Any amendment to the constitution of the United States, submitted to the legislatures of the several states for ratification, shall be considered in the form of a joint resolution.
(2) Every joint resolution to ratify an amendment to the constitution of the United States shall be given 3 readings in each house. The vote on adoption or concurrence shall be a roll call vote with the ayes and noes entered in the journal.
(3) That part of a joint resolution to ratify an amendment to the constitution of the United States which correctly sets forth the text of the proposed amendment may not be amended.
59. Explanative notes.
In addition to such notes as are required by law or joint rule, explanative notes may be included in revision and correction bills prepared by the revisor of statutes, in reconciliation bills introduced by the committee on organization of either house, and in proposals introduced or offered and in substitute amendments or amendments offered by the joint legislative council or its law revision committee, at the request of the judicial council, and by or at the request of any other official interim study or investigative group. The notes shall be prepared by the requester, shall be factual in nature, shall be as brief as may be and, where feasible, shall follow the section of the proposal or amendment to which they relate. Notes may appear in the original reproduced version of the proposal or amendment only, and may not appear in the Wisconsin Acts or session law volumes unless the chief of the legislative reference bureau determines that including them is essential or in the statutes unless the revisor determines that including them is essential. The notes constitute no part of the proposed act or engrossed or enrolled resolution.
60. Enrolled proposals.
Except as provided in sub. (2)
, immediately after the passage of any bill, or the adoption of and concurrence in any joint resolution amending the constitution, and in the case of a bill, before it is presented to the governor for approval, the legislative reference bureau shall prepare the number of enrolled copies of the proposal requested by the chief clerk of the house in which the proposal originated. One copy shall be used as the enrolled bill that is presented to the governor or the enrolled resolution that is deposited with the secretary of state. Four copies of the enrolled bill or resolution shall be delivered to the secretary of state. A sufficient number of copies of the enrolled bill or enrolled resolution shall be delivered to the revisor of statutes.

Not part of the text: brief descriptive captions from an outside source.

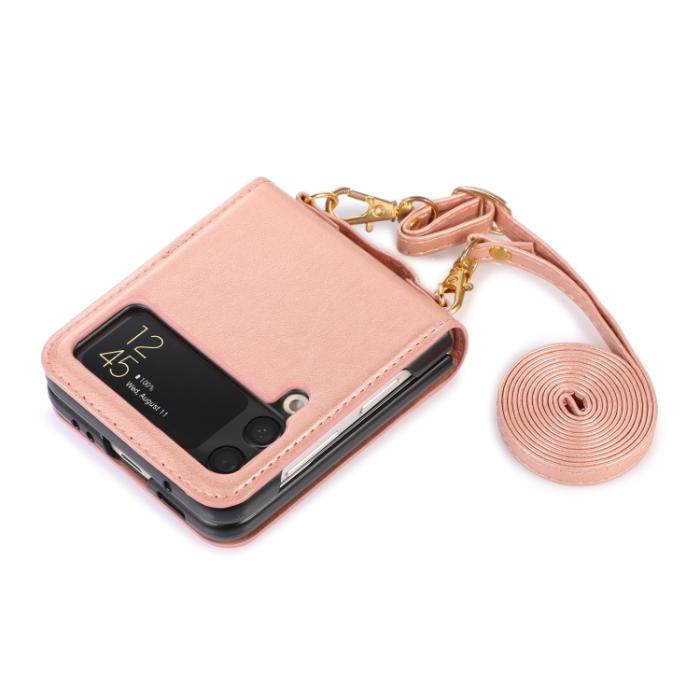 Bild 2,  Galaxy Z Flip 3 Skal Solid Läder 2 Kortfack Roséguld - Teknikhallen.se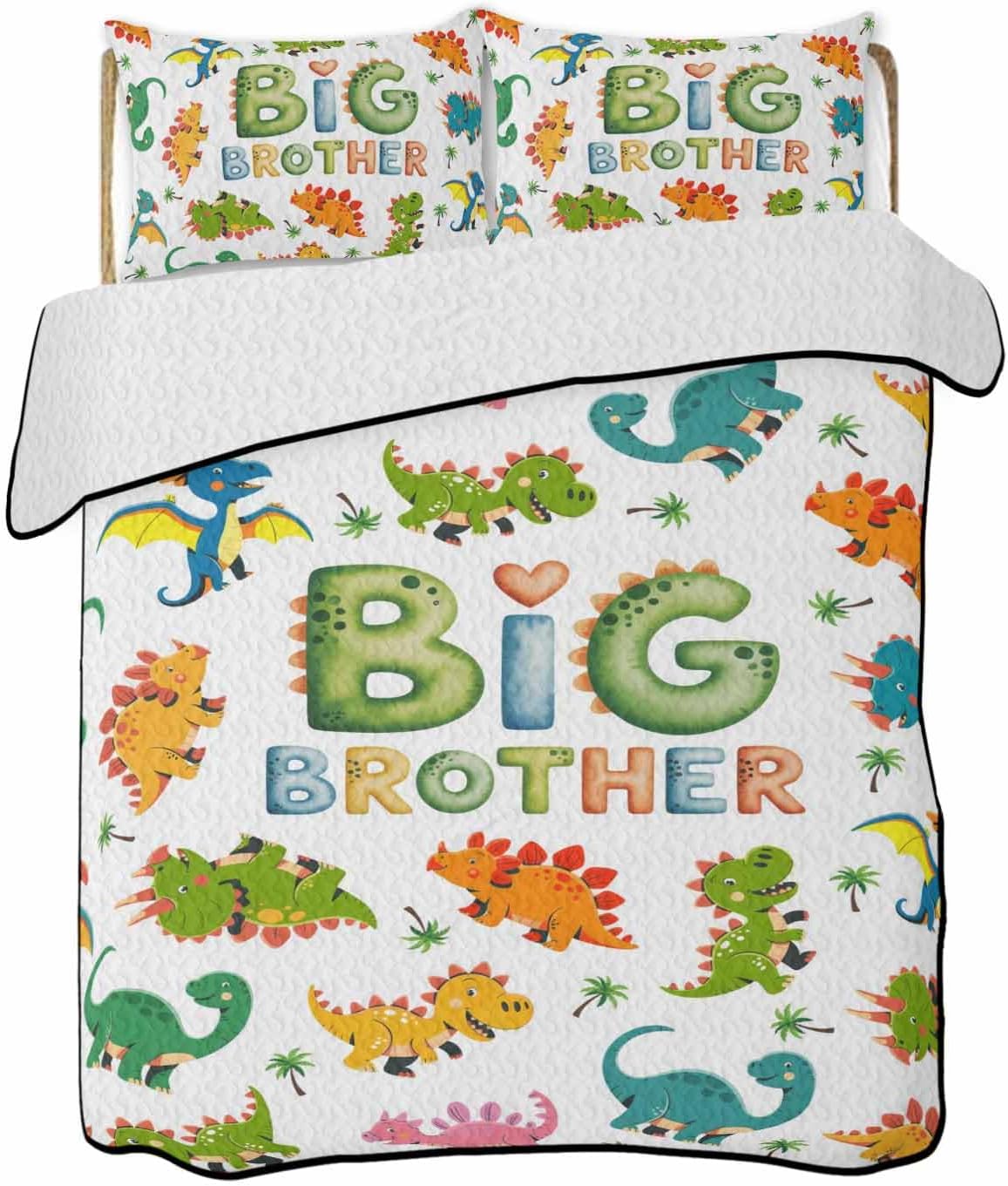 Twin Quilt Bedding Set, Cartoon Dinosaurs Lightweight Summer Quilt 3 Pieces Bedding Sets, Funny Dino Cute Boys Girls Children Reversible Soft Bedspreads Coverlets with 2 Pillow Shams for All Season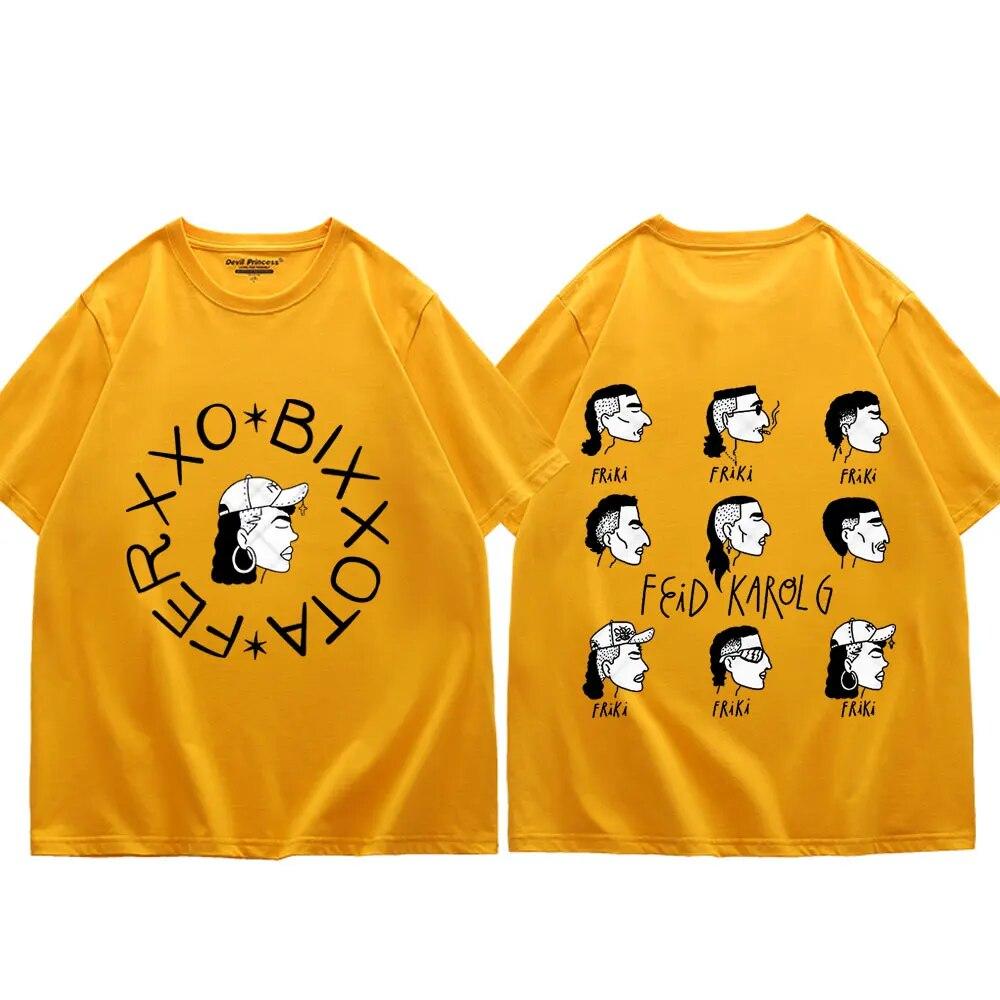 

Футболки с принтом Rapper Feid Ferxxo, модные винтажные футболки унисекс большого размера, летние футболки в стиле хип-хоп с короткими рукавами, уличная одежда XL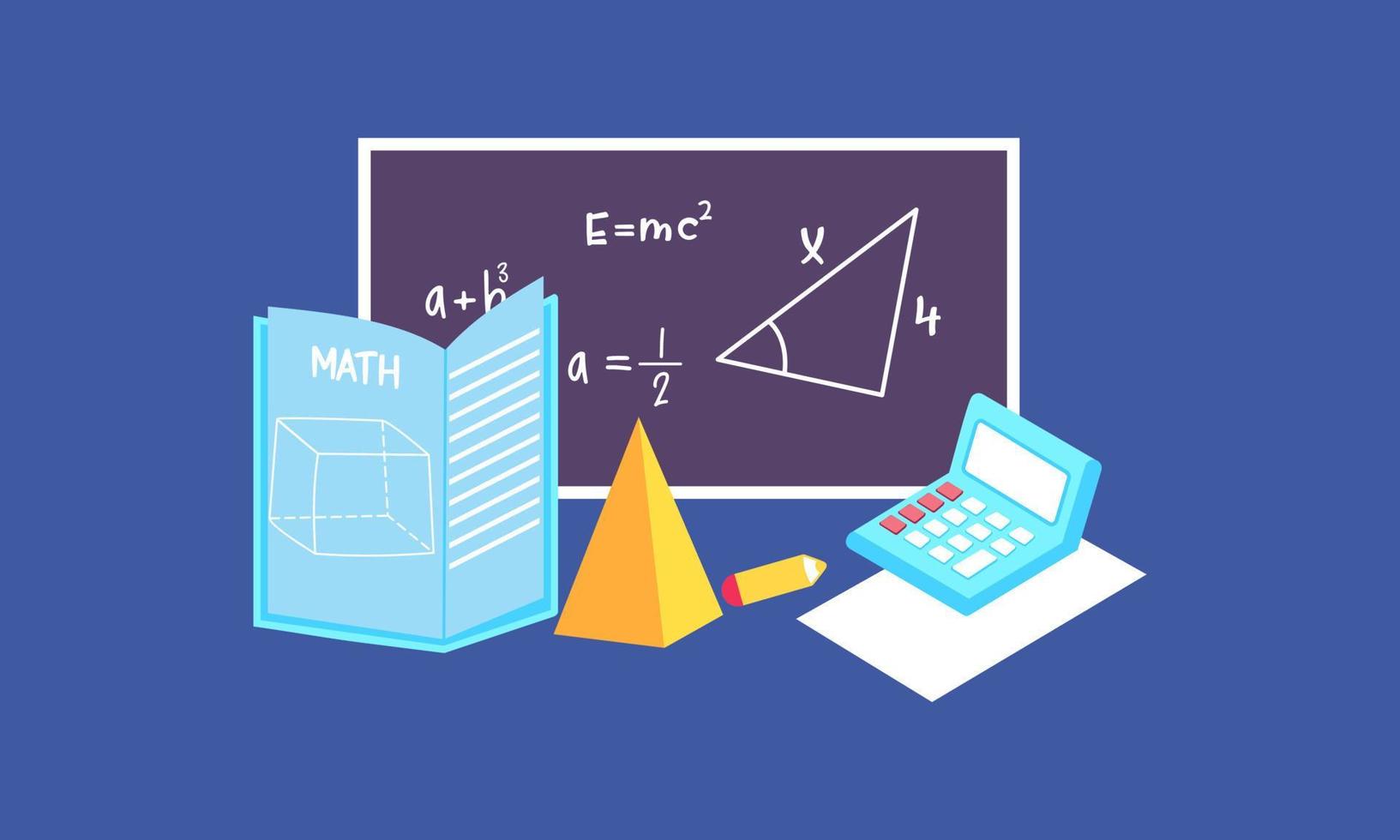 Cartoon maths elements background, education logo vector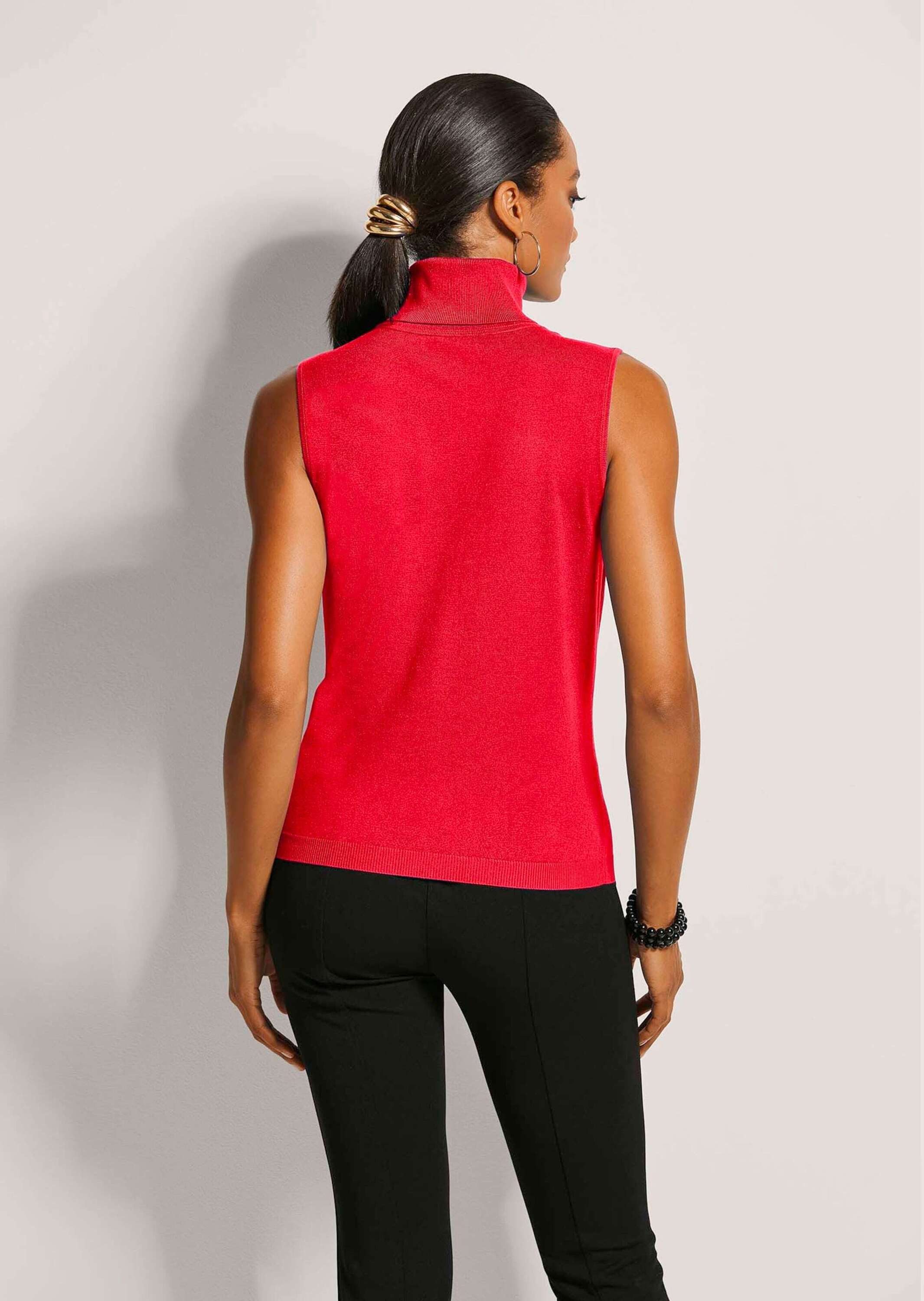 MADELEINE Strickpullover Viskosepullover ohne Ärmel Pullunder mit Rollkragen und ohne Ärmel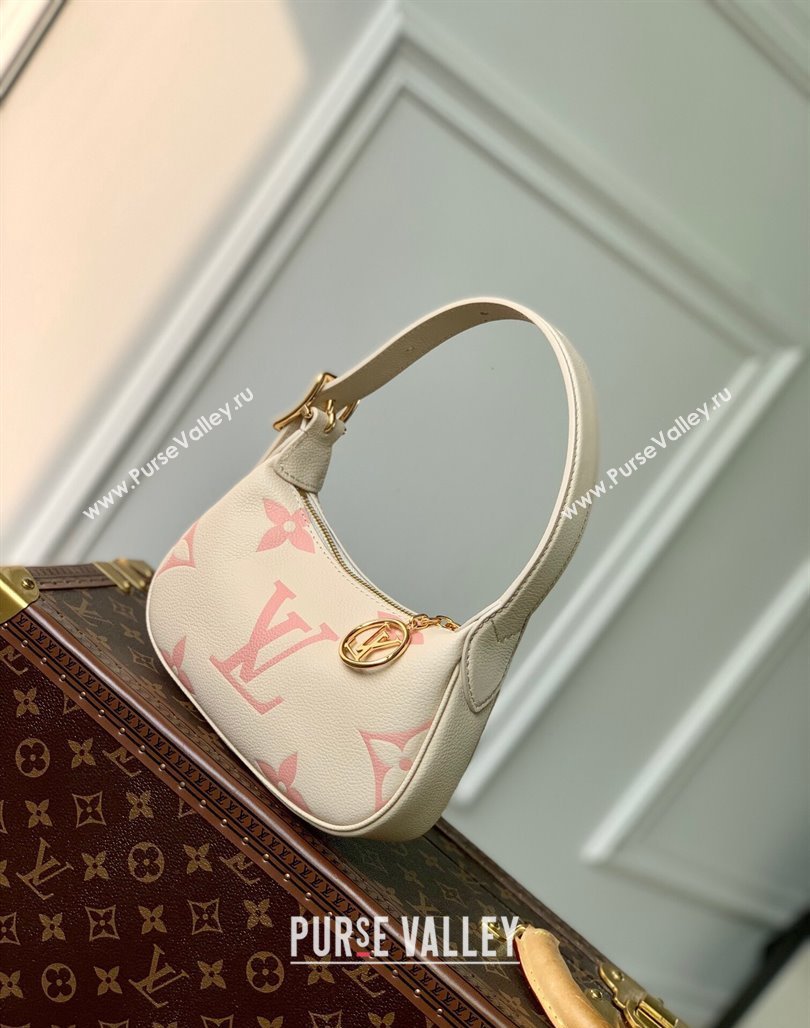 Louis Vuitton Mini Moon Hobo Bag in Oversized Monogram Empreinte Leather M82391 Beige/Pink 2024 (KI-240311098)
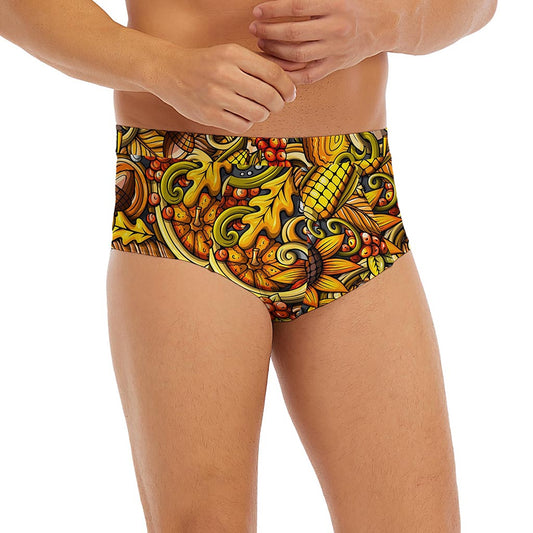 Abstract Sunflower Pattern Print Men's Briefs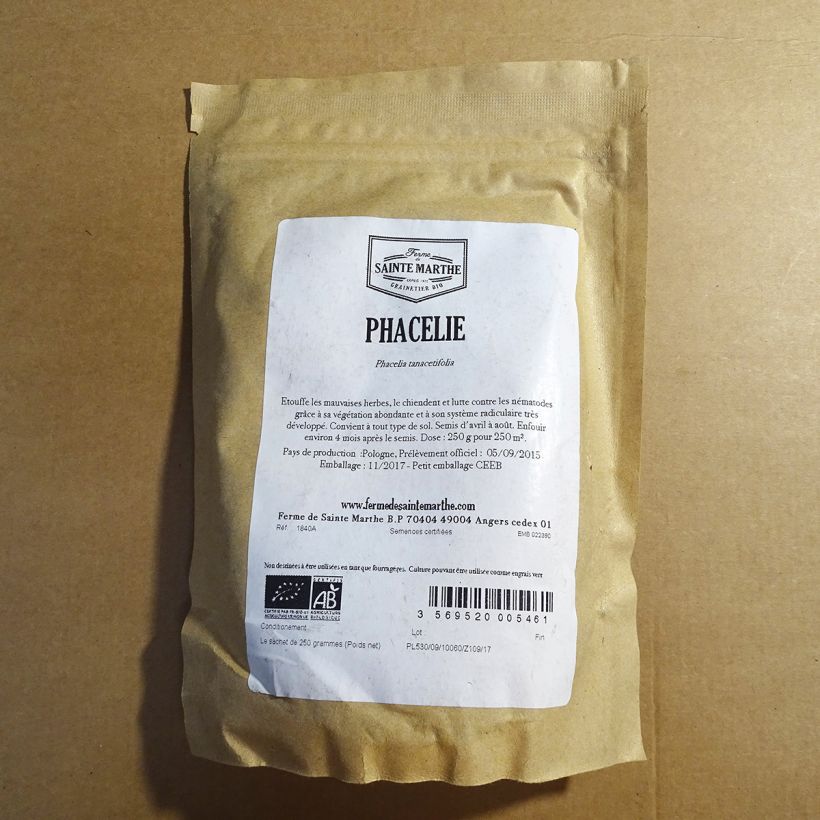 Esimerkki toimitetusta Aitohunajakukka luomu - Ferme de Sainte Marthe - Phacelia Tanacetifolia 250 gramman siemenpussi-taimesta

(2) Whenever the legislative reference bureau determines that the text of a proposal passed by the legislature cannot be properly enrolled because of unreconciled conflicts in adopted amendments, the bureau shall report the problem to the committee on organization of the house in which the proposal originated. If the committee on organization concurs with that determination, the committee shall introduce a joint resolution recalling the proposal for further legislative action and the bureau may not enroll the proposal until the legislature acts on the joint resolution recalling the proposal.
REPRODUCTION OF PROPOSALS
62. Number of copies.
The joint committee on legislative organization may determine the number of copies of each proposal and amendments thereto to be reproduced on a routine basis unless otherwise provided by joint resolution.
(2) Additional copies of a legislative proposal may be procured by the house in which the proposal originated, as provided in the rules of the house or upon authorization by the committee on organization or chief clerk of that house.
63. Reproduction of engrossed proposals and amendments.
Upon the finding by the chief clerk of either house that a proposal or major amendment thereto has been amended in the house of origin to a considerable degree, the chief clerk may instruct the legislative reference bureau to prepare and have reproduced an engrossed copy of the proposal or amendment. In preparing engrossed copy for a proposal the legislative reference bureau shall, if time permits, provide it with a revised analysis. Upon receipt from the legislative reference bureau of the engrossed copy, the chief clerk shall enter that fact in the history file for the proposal. Any subsequent amendments to a proposal ordered reproduced with all adopted amendments engrossed therein shall be drafted to the reproduced engrossed text.